Review Summary: While not revolutionizing the prog metal genre, Seventh Wonder's third album is easily their best one and one of the best albums the genre has to offer. Awesome.1 of 1 thought this review was well written
Swedish Seventh Wonder had released two albums prior to their 2008 release, Mercy Falls. After the generally well-received albums, 'Become' and 'Waiting in the Wings', expectations were high for the album and the band's latest effort easily exceeded them.
Telling the story of a man who falls into a coma after a car crash, waking up in a place called Mercy Falls, the album has something that very few albums, concept or not, have - a clear narrative. That's quite possibly the most impressive thing about this. It's more than likely that you will get a good idea of the story even on first listen, and that doesn't by any means mean that the lyrics are oversimplified. Instead, the band used actors and dialogue during some songs to tell the story and it worked incredibly well, mostly. On a few occasions the acting is laughable (especially the "What?" at the end of Back in Time), but the overall quality of the concept and songs make up for the clumsy acting.

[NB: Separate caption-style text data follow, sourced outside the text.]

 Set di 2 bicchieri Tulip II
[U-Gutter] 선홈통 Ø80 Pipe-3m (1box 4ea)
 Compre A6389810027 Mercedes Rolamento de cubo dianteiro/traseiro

Musically this album is not all that different from the stuff we've come to expect from music classified as progressive metal. Combine Dream Theater instrumentation with power metal choruses and you'll have a fairly good idea of what Seventh Wonder sounds like. However, the band never blatantly copies anything, and manages to create their own sound in the process, one that doesn't really sound like either Dream Theater or generic power metal.

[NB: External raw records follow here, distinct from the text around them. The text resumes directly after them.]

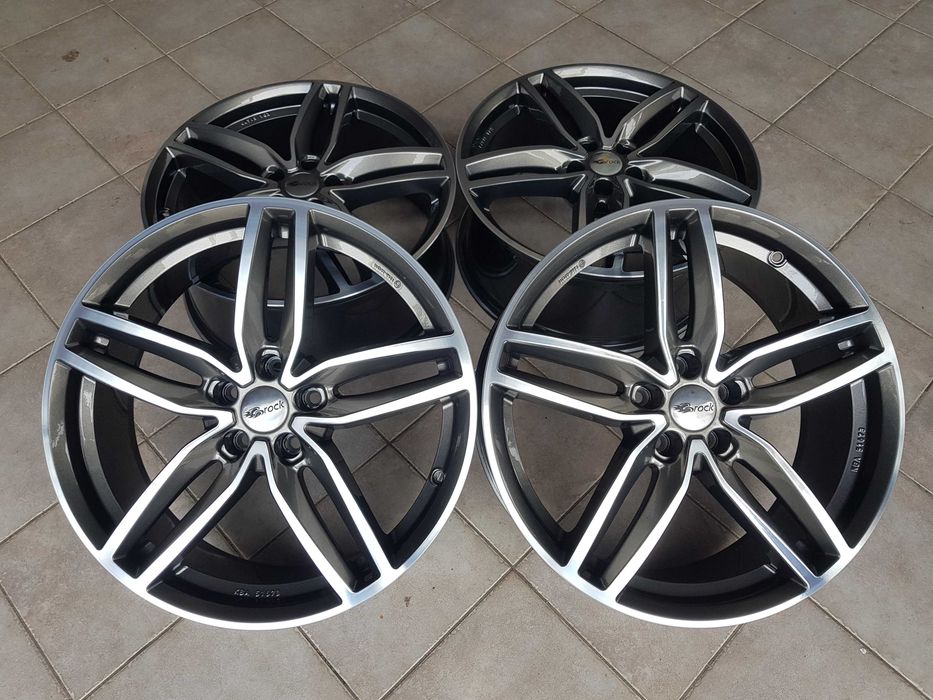 Felgi aluminiowe Brock 8,5x20 et45 5x112 Audi A4 A6 A7 A8 VW Arteon Mercedes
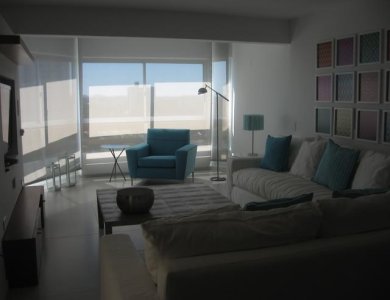 Precioso departamento sobre Roosevelt, piso alto con servicios.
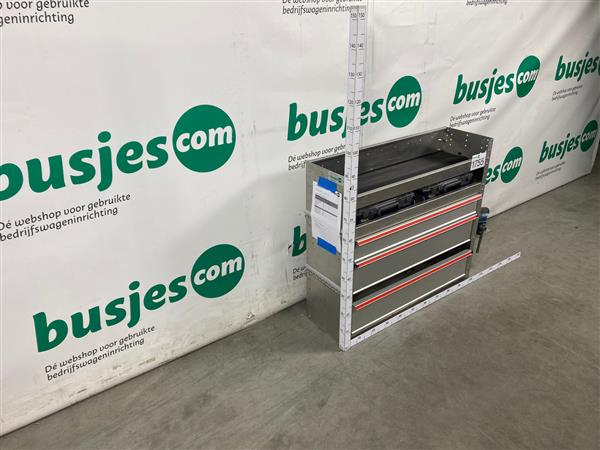 Grote foto finnerup aluminium gebruikte bedrijfswageninrichting nr 1755 auto onderdelen overige auto onderdelen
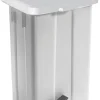 Poubelle à pédale + couvercle Modèle 50 litres Gilac
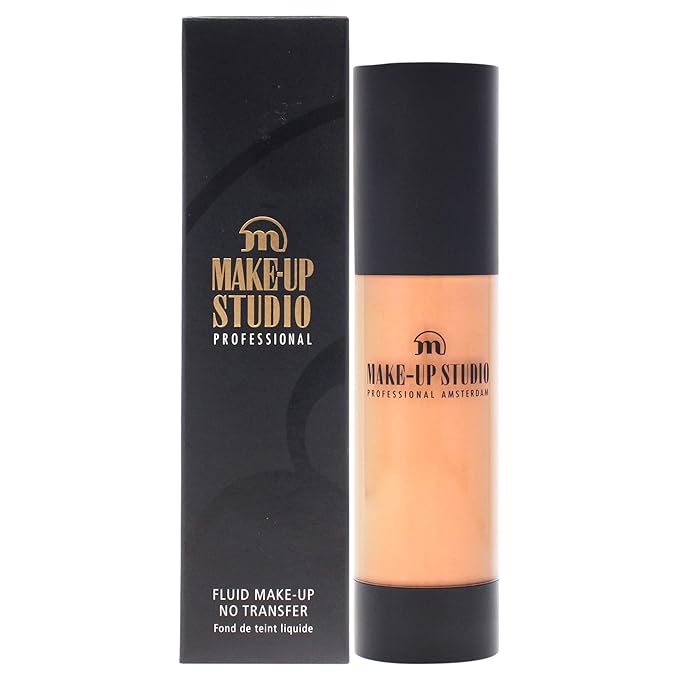 Professional Amsterdam Fluid Foundation No Transfer - Creates 1.18 Oz 4 L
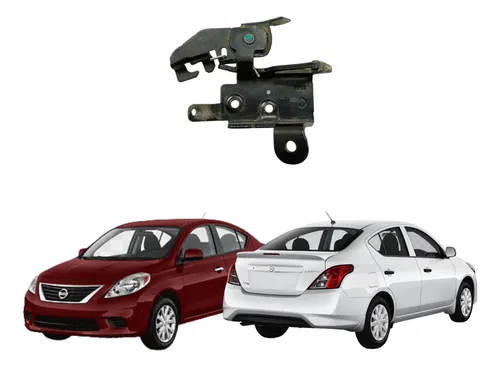 Batente Fechadura Tampa Porta Mala Nissan Versa 2013 2019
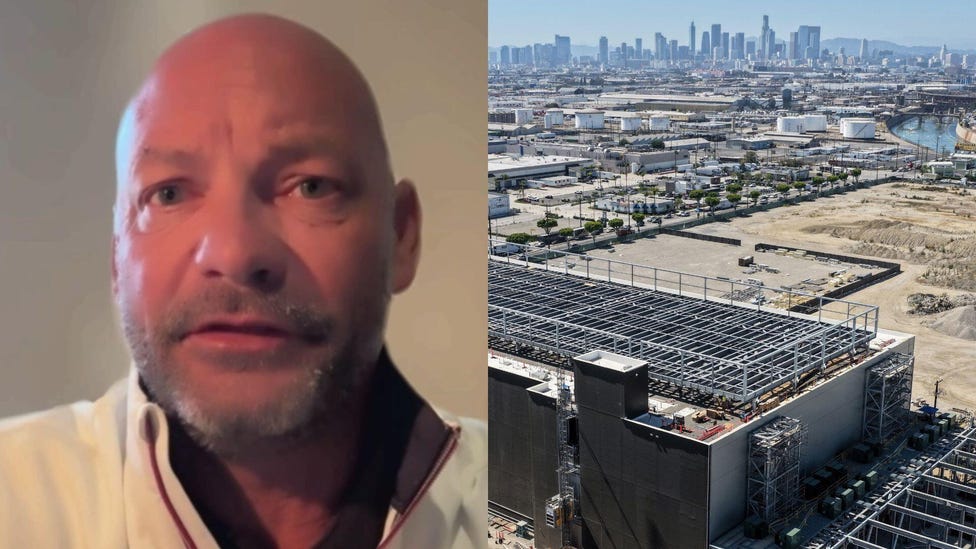 Data center community costs are "short-term pain for long-term gain," construction labor leader says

As is the case with most prog bands, the musicianship here is top-notch but unlike some bands, the vocals here are extremely good. Some people who dislike power metal might not find Tommy Karevik's to vocals to their liking but while one might argue that he 'oversings' a bit at times, he never goes into his high range so much it becomes annoying. While all the band members play their instruments well, it's bassist Andreas Blomqvist who stands out. This probably would not normally be the case, but on Mercy Falls he is given a handful of chances to play bass solos which are some of the highlights of the songs they're in, especially on Break the Silence, which has a beautiful bass solo around 6 minutes in.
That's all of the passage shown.